My grandparents stopped here one time when it first opened back in 2004.  My grandmother told me all about it in a story that concluded with the phrase "bullshit on them", which was her way of giving a place of business the old thumbs down.  Her negative opinion of Buddies' Bagels was solely based on the fact that they charged extra to put butter on your bagel.  I can almost hear her voice in my head as I write this: "Cream cheese, I can understand, but BUTTER?  No... bullshit on them!"  However you read that last sentence in your mind, double the volume for the whole thing, but triple it for the word "butter" and you'd be getting closer to how this sounded.  I can sort of see her point.  At just about every restaurant I can think of, butter is a free condiment.  If you get buttered toast in a diner, they don't charge you for the butter.  Hell, even McDonalds throws in the packets of butter with their Big Breakfast.  Charging for butter sort of comes across like charging you extra to put cream in your coffee.  Now, my view on this is that if I wasn't willing to pay extra for butter, I just wouldn't order my bagel with butter, but my grandmother was a very hard-headed and spiteful person.  Once she declared "bullshit on them", it stuck.  It wouldn't matter to her if they stopped charging for butter, or if they sold the whole dang restaurant to a new owner who gave away free sticks of butter for the grand reopening.  Once something found its way to her shit list, it stayed there for good.

I was a little taken back as well when I saw the prices on the menu boards.  At first, I thought it was saying that a plain bagel cost $1.30, and the prices listed under "Spreads On Bagels" were an additional upcharge tacked onto that (as in $1.30 for a bagel + an extra $3.80 for plain cream cheese, for a total of $5.10).  Now that I'm looking at it with fresh eyes (not at 6:30 am on a Tuesday), I believe it's saying that the $3.80 charge is for the bagel with a spread of cream cheese.  It's still not what I would call a bargain compared to a place like Dunkin Donuts, but it's not as outragous as I first thought.

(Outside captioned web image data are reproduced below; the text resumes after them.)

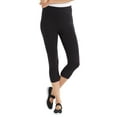 thumbnail image 1 of Stretch Capris, 1 of 3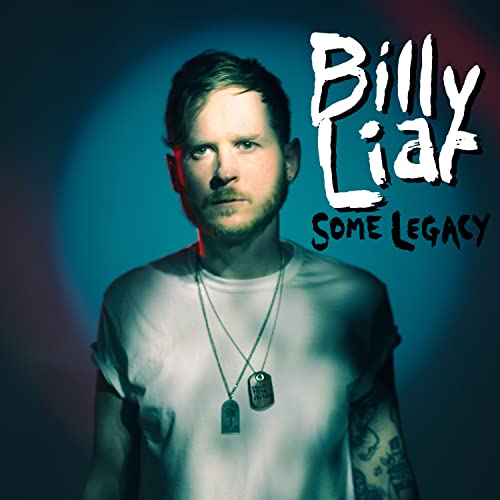 Some Legacy [Vinyl LP] von RED SCARE INDUST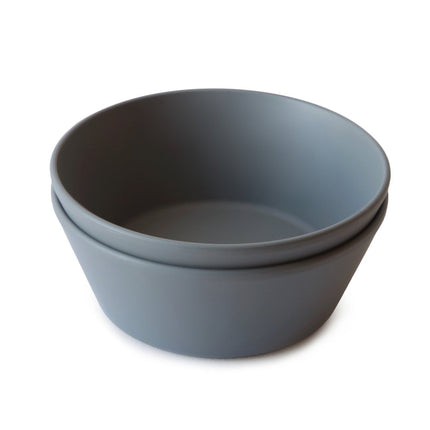 Mushie Baby Kom Rond Smoke 2st koop je bij Babywinkel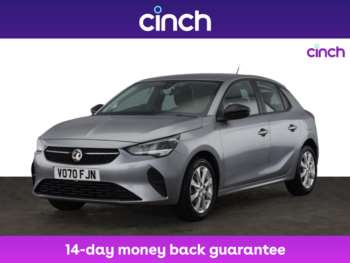 Used Vauxhall Corsa 2021 for sale - 74859114: Photo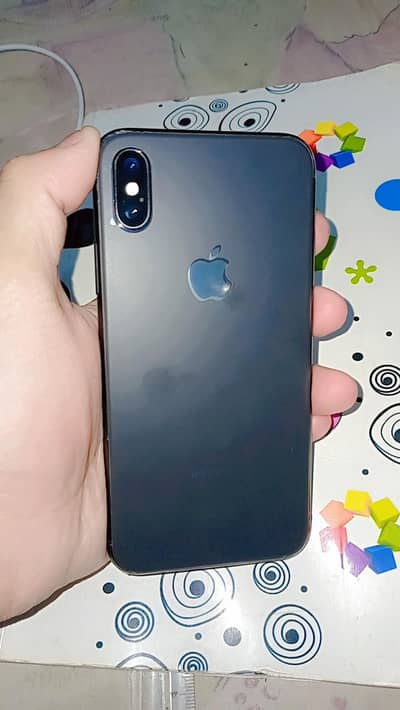 iPhone X 256 Pta approved 10/9 100 health price final Hain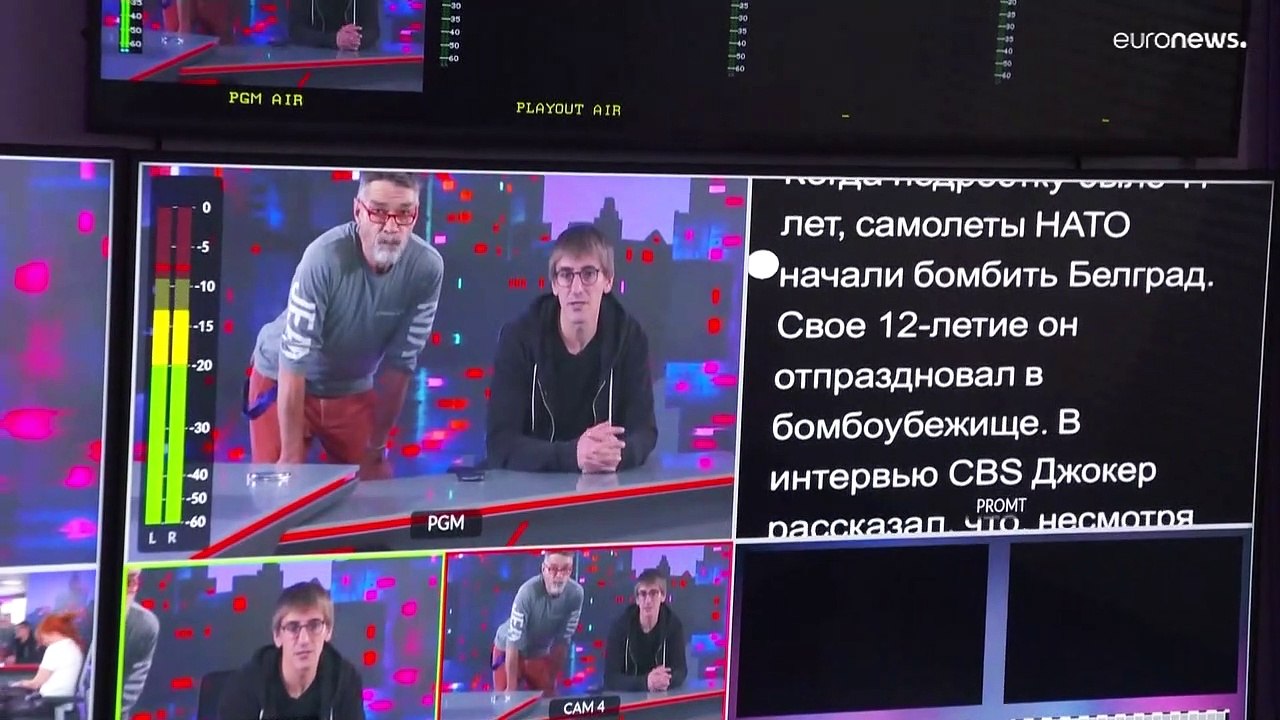 La Lettonia revoca la licenza del media indipendente russo Dozhd in esilio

I didn't ask about the bagel and spread prices while I was there because I was hungry for a breakfast sandwich.
 


This is a sausage, egg and cheese sandwich on a toasted jalapeno cheddar bagel.  The photo isn't really doing it justice, because this was a thick and delicious sandwich.  They even cut it in half and wrapped it up in foil so it was still nice and hot by the time I got to work, which is over a half an hour drive from the restaurant.

I may not be able to tell much of a difference between a fresh bagel and one from the grocery store, but I can sure as hell appreciate a good breakfast sandwich when I have one, and this was a damn good breakfast sandwich.  I'm more than a little curious to know what their bagel cheesesteak is like.  It's $8.50, which is only a few cents less than a full cheesesteak on a roll at Citizens Bank Park.  I'd be willing to give it a shot one of these days, but it would have to be something pretty special to justify that price tag.  I may not be quite as vicious of a critic as my grandmother was, but I'm not Rockefeller either.



Update [12/20/2022]: I did go back to try the cheesesteak bagel.  It was tasty, but it's not worth $8.50.  Still, if you want a breakfast sandwich or a bagel and cream cheese, they don't get much better than what's on the menu at Buddies.